…the only difference between experienced and inexperienced developers is that the experienced ones realize when they’re making mistakes.
Jeff Atwood, Escaping from Gilligan’s Island
An important part of risk management, and responsible management at all, is making sure that you aren't doing anything obviously stupid. Steve McConnell’s list of Classic Mistakesis a place to start: a list of common basic mistakes in developing software and in managing development work, mistakes that are made so often, by so many people, that we all need to be aware of them.

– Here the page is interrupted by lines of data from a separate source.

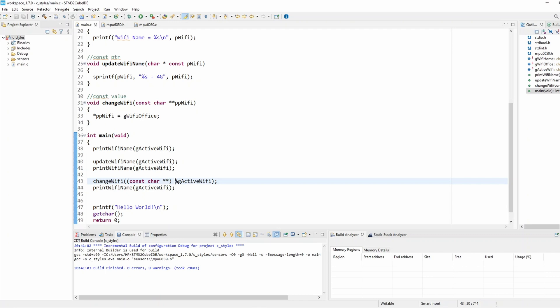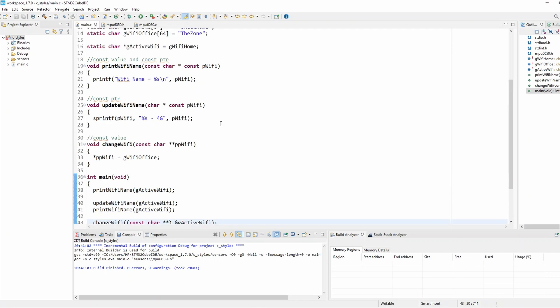That's all three uses of the const keyword for passing parameters to a function safely: constant value, constant pointer, and both constant value and constant pointer. Hope you enjoyed it, thank you.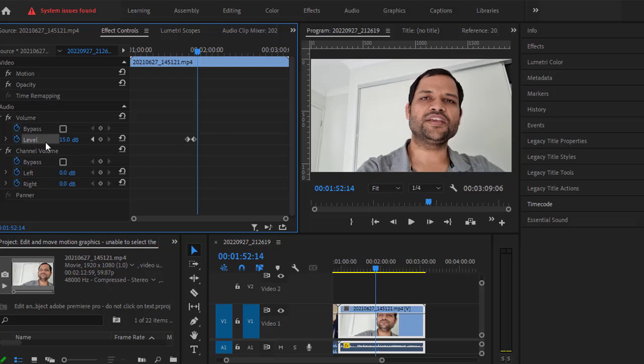That's how you can add keyframes for audio in Adobe Premiere Pro.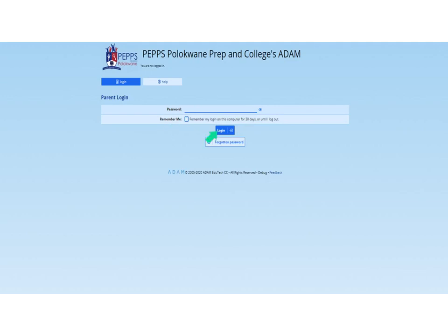Then you're going to press login. It's going to take you — I've already logged in so it won't take me — but it'll take you to a page that allows you to immediately change that password, so that we don't know it's your phone number anymore. You get to personalize your password.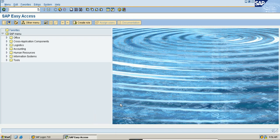Hello all. Today I am starting a session for field status variant.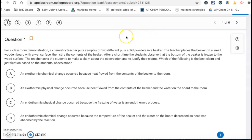Hello, this is the answer key for the 6.1 to 6.3 quiz on AP Classroom.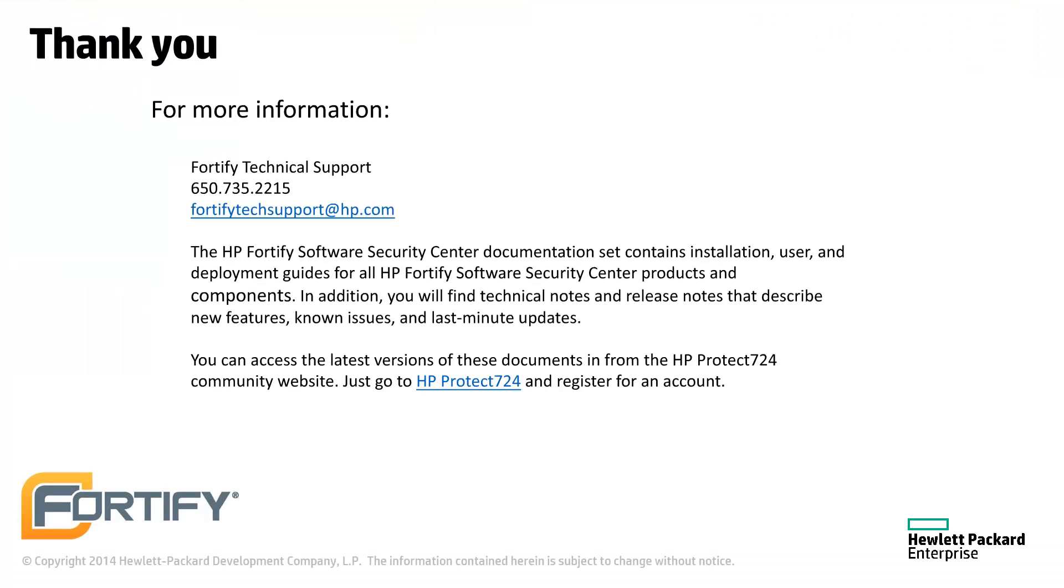You can find the documentation for all Fortify products at protect724.hp.com. If you have any questions, technical support can be reached at fortifytechsupport.hp.com. Thank you.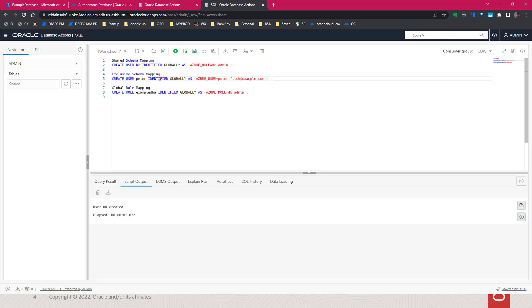And the second one here is an exclusive mapping, where we map the schema Peter, and assign that to exclusive mapping to the user Peter.fitch.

McConnell originally created this list in 1996 for his book Rapid Development (still one of the best books on managing software development). The original list of 36 mistakes was updated in 2008 to a total of 42 common mistakes based on a survey of more than 500 developers and managers. The mistakes that have the highest impact, the mistakes that will most likely led to failure, are:
- Unrealistic expectations
- Weak personnel
- Overly optimistic schedules
- Wishful thinking
- Shortchanged QA
- Inadequate design
- Lack of project sponsorship
- Confusing estimates with targets
- Excessive multi-tasking
- Lack of user involvement
Most of the mistakes listed have not changed since 1996 (and were probably well known long before that). Either they’re fundamental, or as an industry we just aren't learning, or we don’t care. Or we can't find the time or secure a mandate to do things right, because of the relentless focus on short-term results:
Stakeholders won’t naturally take a long-term view: they tend to minimize the often extreme down-the-road headaches that result from the cutting of corners necessitated by the rush, rush, rush mentality. They’ll drive the car without ever changing the oil.
Peter Kretzman, Software development’s classic mistakes and the role of the CTO/CIO
The second most severe mistake that a development organization can make is to staff the team with weak personnel: hiring fast or cheap rather than holding out for people who have more experience and better skills, but who cost more. Although the impact of making this mistake is usually severe, it happens in only around half of projects – most companies aren't stupid enough to staff a development team with weak developers, at least not a big, high-profile project.
Classic Mistakes in Software Maintenance
But a lot of companies staff maintenance teams this way, with noobs and maybe a couple of burned out old-timers who are putting in their time and willing to deal with the demands of maintenance until they retire.
You get stuck in maintenance only if you are not good enough to work on new projects. After spending millions of dollars and many developer-years of effort on creating an application, the project is entrusted to the care of the lowest of the low. Crazy!
Pete McBreen, Software Craftsmanship
Capers Jones (Geriatric Issues of Ageing Software 2007, Estimating Software Costs 2008) has found that staffing a maintenance team with inexperienced people destroys productivity and is one of the worst practices that any organization can follow:
|Worst Practice||Effect on Productivity|
|Not identifying and cleaning up error-prone code – the 20% of code that contains 80% of bugs||-50%|
|Code with embedded data and hard-coded variables – which contributes to “mass update” problems when this data changes||-45%|
|Staffing maintenance teams with inexperienced people||-40%|
|High complexity code that is hard to understand and change (often the same code that is error-prone)||-30%|
|Lack of good tools for source code navigation and test coverage||-28%|
|Inefficient or nonexistent change control methods||-27%|
Many of these mistakes are due to not recognizing and not dealing with basic code quality and technical debt issues, figuring out what code is causing you the most trouble and cleaning it up.
The rest are basic, obvious management issues. Keep the people who built the system and who understand it and know how and why it works working on it as long as you can. Make it worth their while to stay, give them meaningful things to work on, and make sure that they have good tools to work with. Find ways for them to work together efficiently, with each other, with other developers, with operations and with the customer.
These simple, stupid mistakes add up over time to huge costs, when you consider that maintenance makes up between 40% and 80% of total software costs. Like the classic mistakes in new development, mistakes in maintenance are obvious and fixable. We know we shouldn't do these things, we know what’s going to happen, and yet we keep doing them, over and again, and we're surprised when things fail. Why?